Dr. Ricardo Dunia of the University of Texas picked up on the attempt to develop a method to identify event signatures in process data before alarms would alert the operator to a problem. Parallel coordinate analysis was applied to principal components identified in the precursor project. Data on 24 compressor surge events and eight column flooding events were modeled. High false alarm rates still plagued the results, but visualization of the upset was far superior to PCA alone.

Objective

Evaluate methods of early detection of off-normal operations

Driving questions
  • Why do equipment and process conditions leading up to an unplanned event get missed by operators?
  • Are there generalized techniques that can be used to identify precursors to abnormal situations and system behavior?
  • Which of the conditions can be detected?
  • How does the operator know what the design constraints and operating boundaries are for different operating points?
  • How can these constraints and boundaries be incorporated into displays so that conditions leading up to unplanned events are either avoided or detected by the operator prior to failure and alarm actuation?
  • How can decision aids be incorporated?
Background

To start the motivation of this work compressor surge was defined as dynamic unstable operations due to low volumetric flow given the amount of power provided to the compressor.

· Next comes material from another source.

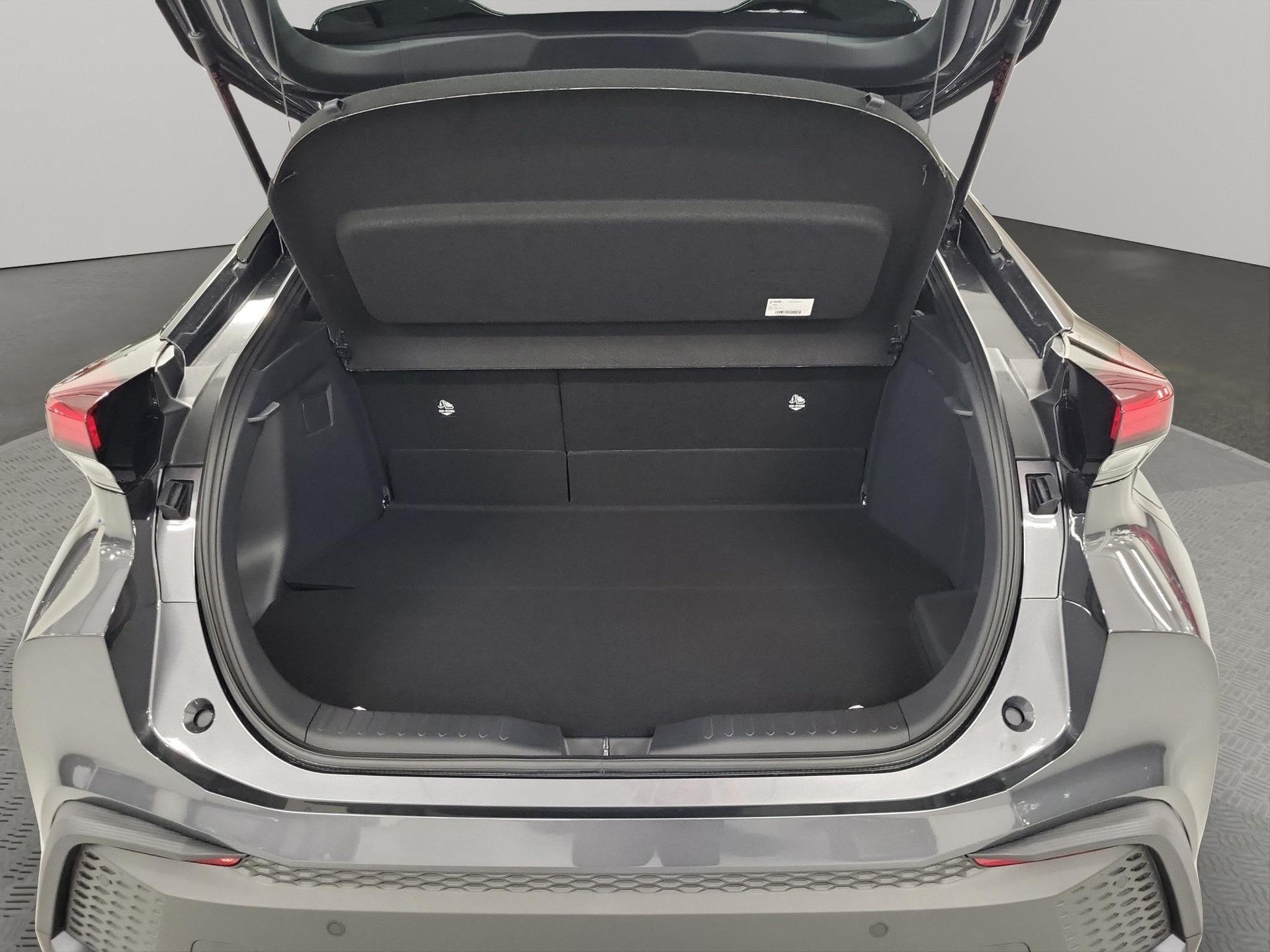 TOYOTA C-HR 2.0 PHEV Swiss Edition-image-5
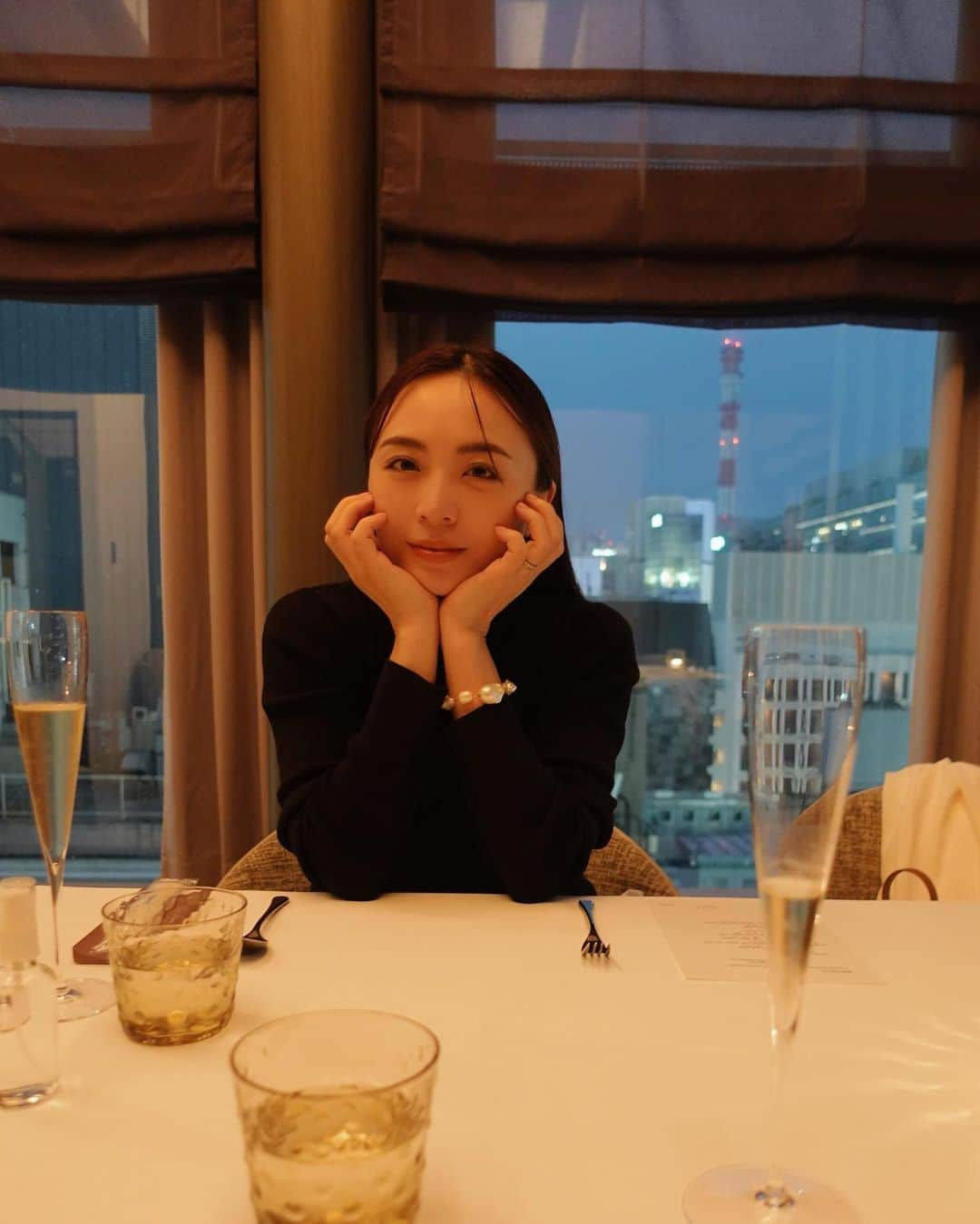 里見茜さんのインスタグラム写真 - (里見茜Instagram)「2023.04.15 遅くなったけど、結婚5周年おめでとう!!🎊  2人で夜ご飯なんていつぶりだろうか。 久しぶりに夜外出できてるんるんな私🕴️♪  去年は大喧嘩して行けなかったので、😇 今年は無事に平和に過ごせて安心です👫♡  結婚5年目になりますが、3人の子供が生まれるまで毎日がハプニングで「大変」という言葉では片付けられないほど，本当に色々、色々あった。笑  思い出すだけで苦しくなる←時間も心も余裕0で気づいたら夫婦生活に亀裂が入っていた時期も🌑  夫婦と言えども元は他人だから衝突はつきもの…😂  お互いうまくいってない時は目を背けないでまず、自分に目を向けるのが本当に大切だなぁと痛感した日々。  子育ての大変さをなすりつけ合うのではなく その大変さを夫婦で共有するからこそ，超えた先に得られるものは人一倍なんだろうねって  今年はゆっくり話せた夫婦時間でした🫶  まだ先は長いから☺️w 私達らしい夫婦関係を築いていこうね👫🤍　  #happyweddinganniversary  #5th」5月19日 22時08分 - satomiakane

It is interesting to highlight that optimal operations are reached closed to surge conditions.
As general physical characteristics of this phenomena, we have that flow reverse inside the compressor, the temperature of the equipment and the amount of vibrations increases considerably , and the output flow becomes pulsing.
Regarding anti-surge systems – they consist of mainly recycling the compressor outlet flow after cooling it. During anti-surge activation the compressor efficiency drops considerably for a long period of time.

Deliverables

(1) Identify techniques for showing what is normal, what is not normal.
(2) Provide identifying precursors that leads up to an unplanned event.
(3) Suggest guidelines for developing displays and navigational aids.
(4) To show how decision aids can be incorporated to support operators.